Mattschimmernd zeigte sich das Pentagramm, der Drudenfuß der Münze, und mit seinem Liniengewirr umgab er einen schattenhaft wirkenden Körper. Links und rechts von dem Fünfspitzen-Stern waren auf die gleiche, mattschimmernde Art Abbilder von Insekten eingewoben – Bienen und Hummeln, Wespen und Mücken, angedeutet zwar nur, in Umrissen, aber deutlich erkennbar.

Pillevuit lachte laut und fett. »Entschuldigen Sie«, sagte er, als er wieder zu Atem gekommen war, »aber ich kann nicht anders. Wenn ich mir diesen alten Lumpen Eltester – Gott sei seiner Seele gnädig, denn er hat viele Leute ruiniert – wenn ich mir diesen alten Lumpen als Hohenpriester vorstelle, so lächert es mich gewaltig.« O'Key schwieg, und schweigend machten sich die beiden an die Durchsuchung der Küche.

Aber in der Küche saß Herr Staatsanwalt de Morsier auf einem Schemel und dichtete. Er hatte einen Bleistift zwischen die Zähne geklemmt und starrte mit abwesenden Blicken auf den oberen Teil des Küchenschrankes. Ganz unwillkürlich folgte Pillevuit der Richtung des Blickes, eine ungewöhnliche Geschäftigkeit nahm von ihm Besitz, er packte einen Schemel, schleppte ihn zum Schrank, erwischte etwas Schwarzes, das nur mit einem Zipfel über die Kante ragte, und schwenkte es triumphierend in der Hand.

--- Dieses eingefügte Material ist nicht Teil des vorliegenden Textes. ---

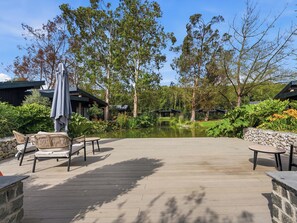 A wooden deck with outdoor seating, a pond, and surrounding trees. - The Penthouse - UK52276 (Beccles)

»Ein Wollshawl«, trompetete er, »ein schwarzer Wollshawl!« Er roch dran, nieste, schüttelte sich: »Riecht nach alter Frau. Kampferspiritus. Da.« Auch O'Key mußte riechen und bestätigte die Meinung des Kommissars.

»Sehr interessant«, sagte eine Stimme hinter ihnen. Der Staatsanwalt hatte die Gefilde der Inspirationen verlassen.

Im Laden puffte es, ein heller Schein blendete in die dämmrige Lücke.

»Wenn ihr fertig seid, kommt dann hier herein!« rief Pillevuit. Photograph und Experte erschienen in der Tür.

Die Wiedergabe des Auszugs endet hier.